§ **To do**
From the records below, find each line with the string "Picture" and copy it.

Segment Start: Input material

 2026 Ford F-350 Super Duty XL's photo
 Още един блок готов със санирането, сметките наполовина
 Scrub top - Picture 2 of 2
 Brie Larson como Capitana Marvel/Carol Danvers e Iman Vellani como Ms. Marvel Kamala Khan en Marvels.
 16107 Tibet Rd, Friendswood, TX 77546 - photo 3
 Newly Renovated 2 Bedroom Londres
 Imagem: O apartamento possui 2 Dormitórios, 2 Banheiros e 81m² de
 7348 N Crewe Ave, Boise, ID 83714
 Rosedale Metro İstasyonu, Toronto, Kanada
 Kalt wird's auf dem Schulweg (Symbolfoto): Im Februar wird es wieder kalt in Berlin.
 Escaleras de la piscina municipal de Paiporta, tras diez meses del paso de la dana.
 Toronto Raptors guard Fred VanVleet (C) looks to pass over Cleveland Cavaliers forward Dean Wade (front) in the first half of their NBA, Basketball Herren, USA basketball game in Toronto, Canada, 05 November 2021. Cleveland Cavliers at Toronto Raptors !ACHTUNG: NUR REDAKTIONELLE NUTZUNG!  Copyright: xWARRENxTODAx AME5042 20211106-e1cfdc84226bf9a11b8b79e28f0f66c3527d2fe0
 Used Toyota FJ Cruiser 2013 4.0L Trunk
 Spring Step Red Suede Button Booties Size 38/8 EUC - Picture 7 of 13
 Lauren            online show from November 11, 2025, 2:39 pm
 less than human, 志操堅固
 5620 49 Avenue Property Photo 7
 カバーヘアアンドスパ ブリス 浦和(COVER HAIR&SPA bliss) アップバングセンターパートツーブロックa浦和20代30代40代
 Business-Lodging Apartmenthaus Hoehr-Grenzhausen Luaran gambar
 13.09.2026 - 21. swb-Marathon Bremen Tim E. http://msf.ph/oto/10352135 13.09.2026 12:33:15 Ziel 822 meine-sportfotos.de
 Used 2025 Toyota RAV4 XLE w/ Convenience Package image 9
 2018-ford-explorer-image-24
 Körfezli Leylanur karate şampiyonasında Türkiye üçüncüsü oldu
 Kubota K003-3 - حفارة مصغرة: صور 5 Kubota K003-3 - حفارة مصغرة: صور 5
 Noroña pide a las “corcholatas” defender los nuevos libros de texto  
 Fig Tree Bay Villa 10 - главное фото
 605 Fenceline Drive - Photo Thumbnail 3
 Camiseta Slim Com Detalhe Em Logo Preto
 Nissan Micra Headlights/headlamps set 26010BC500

Segment End: Input material

§ **Reply to the task**
 Scrub top - Picture 2 of 2
 Spring Step Red Suede Button Booties Size 38/8 EUC - Picture 7 of 13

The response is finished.